**How to complete this task:** Quote, with no changes, the lines that run from the top of the material to the line with "(J) FujiFilm FinePix", both included.

**Entries provided:**
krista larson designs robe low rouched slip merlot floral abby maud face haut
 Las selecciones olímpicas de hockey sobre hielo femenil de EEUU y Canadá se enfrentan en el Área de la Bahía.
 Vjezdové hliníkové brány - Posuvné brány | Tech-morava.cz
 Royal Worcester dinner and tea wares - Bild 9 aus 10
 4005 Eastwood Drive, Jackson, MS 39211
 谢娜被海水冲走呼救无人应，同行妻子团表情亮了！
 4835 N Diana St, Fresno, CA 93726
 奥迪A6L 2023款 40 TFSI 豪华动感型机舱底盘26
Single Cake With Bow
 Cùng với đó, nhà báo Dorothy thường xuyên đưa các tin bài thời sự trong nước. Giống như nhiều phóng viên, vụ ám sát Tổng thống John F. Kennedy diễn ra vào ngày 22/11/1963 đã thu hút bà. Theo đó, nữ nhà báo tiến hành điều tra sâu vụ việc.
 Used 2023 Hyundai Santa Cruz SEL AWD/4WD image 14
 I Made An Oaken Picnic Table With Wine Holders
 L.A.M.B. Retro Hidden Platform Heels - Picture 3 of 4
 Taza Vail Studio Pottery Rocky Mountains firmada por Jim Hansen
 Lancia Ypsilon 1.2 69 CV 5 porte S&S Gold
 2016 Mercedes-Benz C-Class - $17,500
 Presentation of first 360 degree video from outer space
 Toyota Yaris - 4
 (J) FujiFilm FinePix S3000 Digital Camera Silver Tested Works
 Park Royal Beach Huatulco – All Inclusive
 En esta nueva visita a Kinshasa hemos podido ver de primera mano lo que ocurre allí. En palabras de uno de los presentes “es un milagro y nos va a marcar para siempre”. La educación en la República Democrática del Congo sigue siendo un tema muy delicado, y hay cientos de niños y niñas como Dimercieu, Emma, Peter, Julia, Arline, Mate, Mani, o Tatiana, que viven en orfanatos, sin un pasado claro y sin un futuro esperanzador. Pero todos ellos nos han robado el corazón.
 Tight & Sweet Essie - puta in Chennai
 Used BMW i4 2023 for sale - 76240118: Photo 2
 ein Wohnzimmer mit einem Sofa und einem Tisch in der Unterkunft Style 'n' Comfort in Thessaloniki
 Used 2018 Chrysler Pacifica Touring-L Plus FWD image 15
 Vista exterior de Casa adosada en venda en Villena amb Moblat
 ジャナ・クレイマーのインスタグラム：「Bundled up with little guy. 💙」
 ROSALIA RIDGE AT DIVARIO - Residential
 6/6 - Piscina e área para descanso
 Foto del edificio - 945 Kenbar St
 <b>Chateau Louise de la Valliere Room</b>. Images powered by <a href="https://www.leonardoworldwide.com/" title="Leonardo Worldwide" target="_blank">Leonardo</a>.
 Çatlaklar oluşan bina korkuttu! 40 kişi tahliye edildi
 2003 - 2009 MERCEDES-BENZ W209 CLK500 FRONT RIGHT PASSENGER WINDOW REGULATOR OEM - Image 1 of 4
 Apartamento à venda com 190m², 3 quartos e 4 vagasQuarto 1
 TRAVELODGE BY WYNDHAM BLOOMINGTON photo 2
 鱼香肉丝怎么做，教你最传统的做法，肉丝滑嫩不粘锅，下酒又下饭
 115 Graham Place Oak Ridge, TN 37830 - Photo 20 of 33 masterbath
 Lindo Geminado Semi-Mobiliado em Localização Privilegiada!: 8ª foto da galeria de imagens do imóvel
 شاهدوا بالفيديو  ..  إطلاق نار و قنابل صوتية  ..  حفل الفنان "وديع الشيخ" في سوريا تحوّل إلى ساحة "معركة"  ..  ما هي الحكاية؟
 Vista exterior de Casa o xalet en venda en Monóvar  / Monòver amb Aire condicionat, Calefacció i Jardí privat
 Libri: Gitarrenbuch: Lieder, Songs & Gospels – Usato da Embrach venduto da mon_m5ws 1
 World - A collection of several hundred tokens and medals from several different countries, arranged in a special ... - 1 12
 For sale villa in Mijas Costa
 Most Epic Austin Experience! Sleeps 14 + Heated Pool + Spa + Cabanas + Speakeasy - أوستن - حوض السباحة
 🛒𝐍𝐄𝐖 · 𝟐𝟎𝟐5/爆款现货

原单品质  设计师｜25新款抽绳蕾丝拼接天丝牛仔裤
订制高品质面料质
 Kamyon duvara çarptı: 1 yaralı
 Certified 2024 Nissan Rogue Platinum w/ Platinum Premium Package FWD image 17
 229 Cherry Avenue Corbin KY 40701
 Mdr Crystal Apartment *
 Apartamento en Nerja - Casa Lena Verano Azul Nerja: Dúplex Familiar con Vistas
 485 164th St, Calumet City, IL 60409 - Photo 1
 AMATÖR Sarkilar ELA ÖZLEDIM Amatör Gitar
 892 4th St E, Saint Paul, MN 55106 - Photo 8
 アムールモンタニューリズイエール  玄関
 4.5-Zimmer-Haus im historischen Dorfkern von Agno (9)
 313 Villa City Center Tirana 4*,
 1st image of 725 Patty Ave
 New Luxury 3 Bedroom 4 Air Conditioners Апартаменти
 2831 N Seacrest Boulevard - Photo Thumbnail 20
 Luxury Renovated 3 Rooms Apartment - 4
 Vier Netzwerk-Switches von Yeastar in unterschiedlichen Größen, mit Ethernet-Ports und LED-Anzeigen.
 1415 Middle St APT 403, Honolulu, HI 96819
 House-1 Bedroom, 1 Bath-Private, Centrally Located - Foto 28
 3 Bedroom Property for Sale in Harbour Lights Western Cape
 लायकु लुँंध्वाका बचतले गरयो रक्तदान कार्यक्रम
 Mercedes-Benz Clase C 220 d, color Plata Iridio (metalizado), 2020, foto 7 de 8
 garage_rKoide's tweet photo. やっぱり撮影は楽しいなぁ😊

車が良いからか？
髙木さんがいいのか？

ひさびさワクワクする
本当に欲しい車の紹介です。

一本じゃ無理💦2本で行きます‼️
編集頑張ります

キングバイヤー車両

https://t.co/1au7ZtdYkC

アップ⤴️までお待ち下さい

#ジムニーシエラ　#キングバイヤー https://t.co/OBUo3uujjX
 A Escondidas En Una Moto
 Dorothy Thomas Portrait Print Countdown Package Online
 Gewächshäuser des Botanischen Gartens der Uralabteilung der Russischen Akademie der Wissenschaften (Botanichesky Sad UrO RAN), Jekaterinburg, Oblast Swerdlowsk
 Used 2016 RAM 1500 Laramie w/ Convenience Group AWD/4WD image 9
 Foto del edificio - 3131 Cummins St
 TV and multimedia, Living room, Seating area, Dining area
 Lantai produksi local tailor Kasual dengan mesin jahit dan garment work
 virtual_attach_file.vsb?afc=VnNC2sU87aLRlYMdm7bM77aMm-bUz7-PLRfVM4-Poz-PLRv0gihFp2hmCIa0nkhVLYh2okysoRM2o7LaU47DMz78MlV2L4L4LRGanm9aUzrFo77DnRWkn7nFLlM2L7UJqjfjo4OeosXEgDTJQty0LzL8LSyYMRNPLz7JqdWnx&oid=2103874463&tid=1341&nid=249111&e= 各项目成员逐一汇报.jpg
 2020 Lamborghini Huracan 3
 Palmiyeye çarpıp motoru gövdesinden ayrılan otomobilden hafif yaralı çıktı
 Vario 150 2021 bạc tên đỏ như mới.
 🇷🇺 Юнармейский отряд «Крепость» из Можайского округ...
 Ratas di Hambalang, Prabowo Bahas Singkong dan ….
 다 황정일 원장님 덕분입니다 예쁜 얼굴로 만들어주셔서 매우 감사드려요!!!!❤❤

**Result of this exercise:**
krista larson designs robe low rouched slip merlot floral abby maud face haut
 Las selecciones olímpicas de hockey sobre hielo femenil de EEUU y Canadá se enfrentan en el Área de la Bahía.
 Vjezdové hliníkové brány - Posuvné brány | Tech-morava.cz
 Royal Worcester dinner and tea wares - Bild 9 aus 10
 4005 Eastwood Drive, Jackson, MS 39211
 谢娜被海水冲走呼救无人应，同行妻子团表情亮了！
 4835 N Diana St, Fresno, CA 93726
 奥迪A6L 2023款 40 TFSI 豪华动感型机舱底盘26
Single Cake With Bow
 Cùng với đó, nhà báo Dorothy thường xuyên đưa các tin bài thời sự trong nước. Giống như nhiều phóng viên, vụ ám sát Tổng thống John F. Kennedy diễn ra vào ngày 22/11/1963 đã thu hút bà. Theo đó, nữ nhà báo tiến hành điều tra sâu vụ việc.
 Used 2023 Hyundai Santa Cruz SEL AWD/4WD image 14
 I Made An Oaken Picnic Table With Wine Holders
 L.A.M.B. Retro Hidden Platform Heels - Picture 3 of 4
 Taza Vail Studio Pottery Rocky Mountains firmada por Jim Hansen
 Lancia Ypsilon 1.2 69 CV 5 porte S&S Gold
 2016 Mercedes-Benz C-Class - $17,500
 Presentation of first 360 degree video from outer space
 Toyota Yaris - 4
 (J) FujiFilm FinePix S3000 Digital Camera Silver Tested Works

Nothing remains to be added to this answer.